(Beginning of INFORMATION SHOWN)
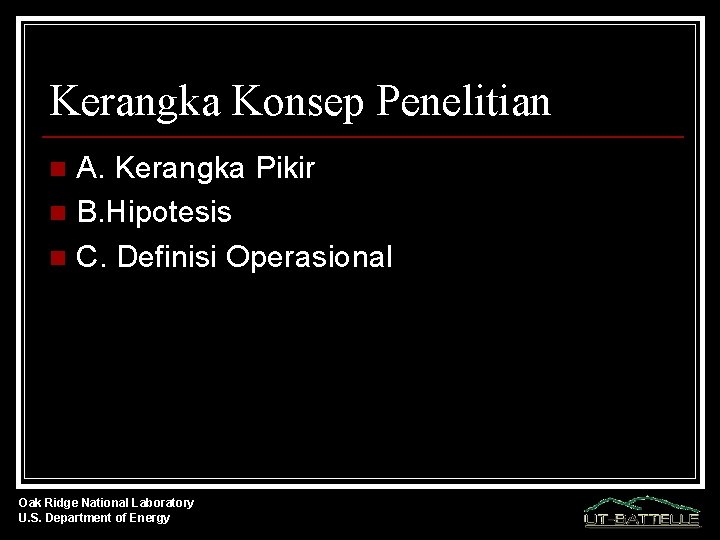 Kerangka Konsep Penelitian A. Kerangka Pikir n B. Hipotesis n C. Definisi Operasional n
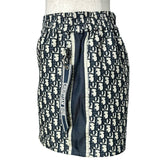 クリスチャン・ディオール Christian Dior オブリーク総柄ショートパンツ 117P21A2970 ネイビー ポリエステル レディース ショートパンツ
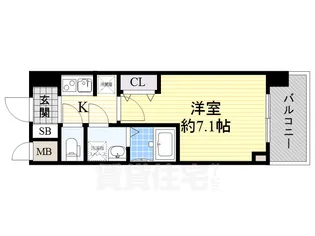 M-RESIDENCE新大阪Garden【9階】の間取り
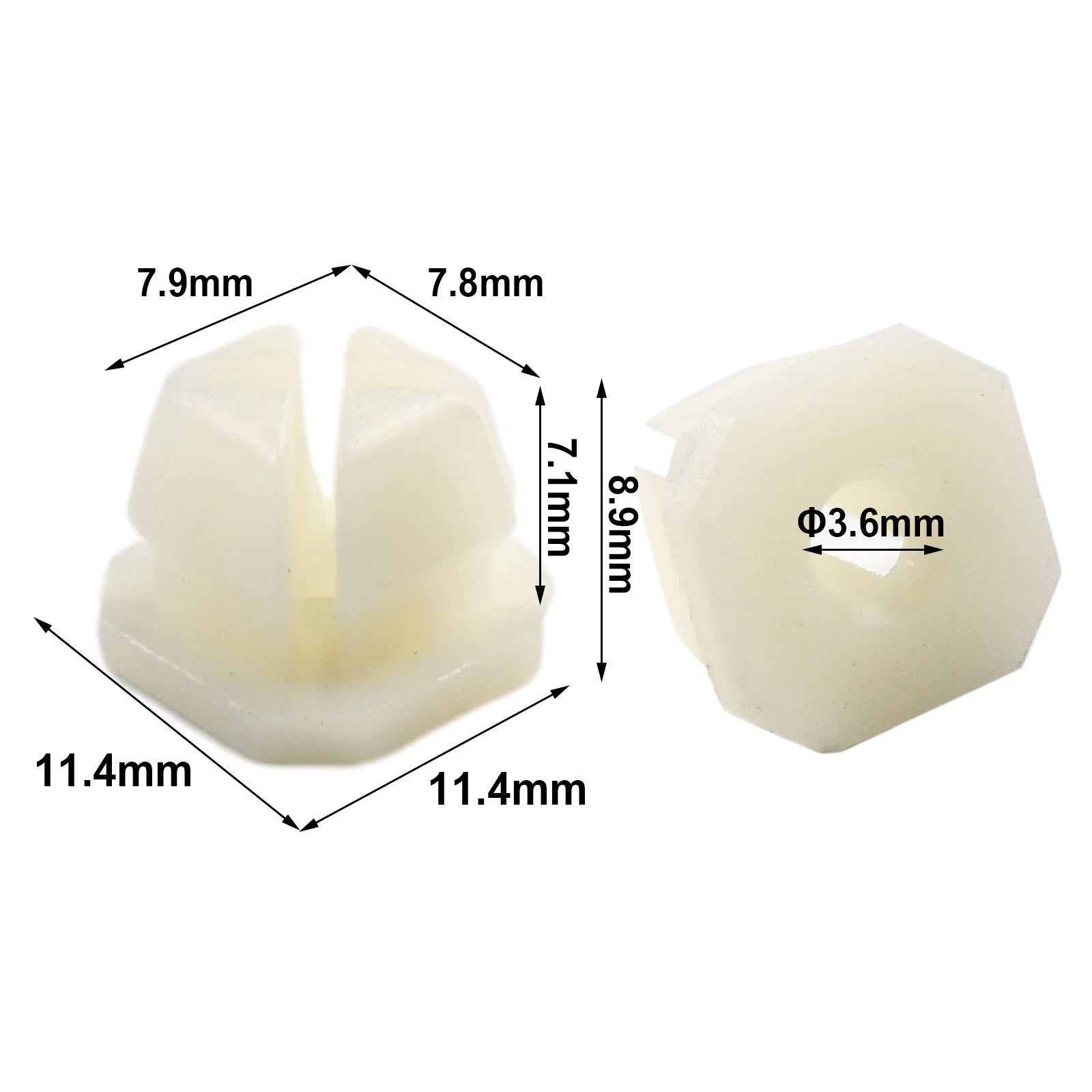 Headlight Bezel Nut Clip for (3919773) (5/16" Hole)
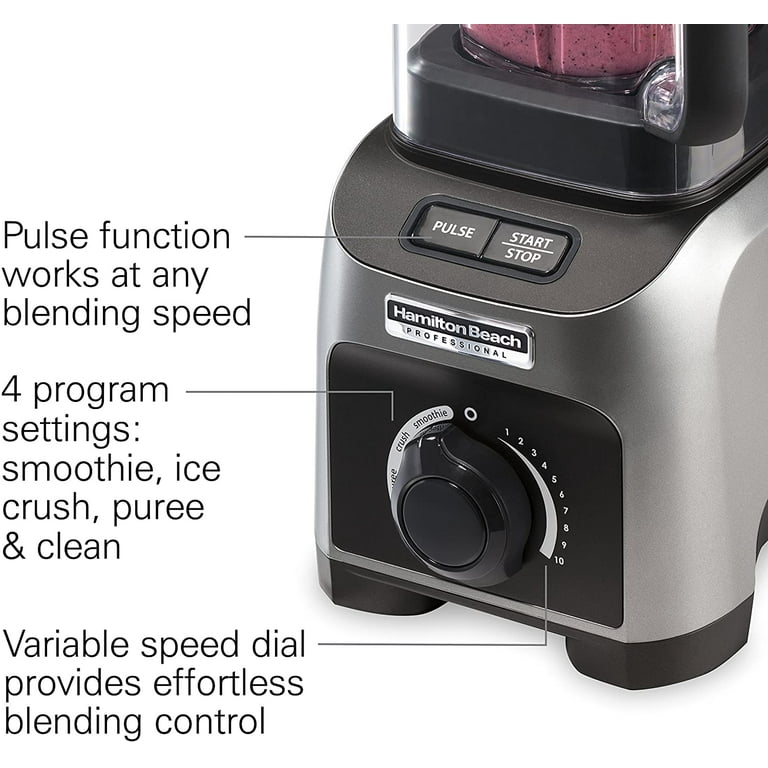 Hamilton Beach Professional 1500 W Blender, Quiet Shield, 32 oz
(End of INFORMATION SHOWN)
EXERCISE PROMPT
Only the lines from the one with "Headlight Bezel Nut" to the last line of the listing, inclusive, are to be set down, exactly as they stand and without pictures.

WRITTEN RESPONSE
 Headlight Bezel Nut Clip for (3919773) (5/16" Hole)
 Hamilton Beach Professional 1500 W Blender, Quiet Shield, 32 oz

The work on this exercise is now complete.